Off-policy algorithms open doors to learning from past experiences, while Proximal Policy Optimization (PPO) and Trust Region Policy Optimization (TRPO) ensures stable policy updates.

On-policy v.s. Off-policy:

On-policy: The agent ( or actor) learned and the actor interacting with the environment are the same.
Off-policy: The actor learned and the actor interacting with the environment are different.

Vanilla Policy Gradient (VPG) algorithm

The key idea of Vanilla Policy Gradient is to increase the likelihood of actions that lead to high rewards and decrease the likelihood of actions that lead to low rewards.

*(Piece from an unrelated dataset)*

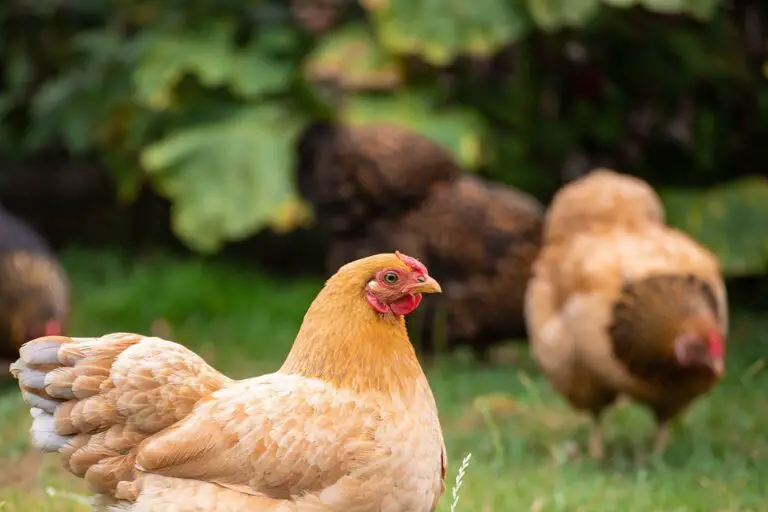 Chickens In The Garden: How To Use Chickens To Control Garden Pests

Let $\pi_\theta$ be a policy with parameters 𝜃, and let $J(\pi_{\theta})$ represent the expected finite-horizon un-discounted return of the policy. The gradient of $J(\pi_{\theta})$ with respect to the policy parameters 𝜃 is given by:

$$\nabla_{\theta} J(\pi_{\theta}) = \mathbb{E}_{\tau \sim \pi_{\theta}} \left[ \sum_{t=0}^{T} \nabla_{\theta} \log \pi_{\theta}(a_t | s_t) A^{\pi_{\theta}}(s_t, a_t) \right]$$

where $A^{\pi_{\theta}}(s_t, a_t)$ is the advantage function representing the relative value of an action $a_t$ taken in state $s_t$ under the current policy $\pi_{\theta}$.

The VPG algorithm optimizes the policy by performing stochastic gradient ascent on the policy performance:

$$\theta_{k+1} = \theta_k + \alpha \nabla_{\theta} J(\pi_{\theta_k})$$

$\alpha$ is the learning rate, and $\nabla_{\theta} J(\pi_{\theta_k})$ is the estimated policy gradient.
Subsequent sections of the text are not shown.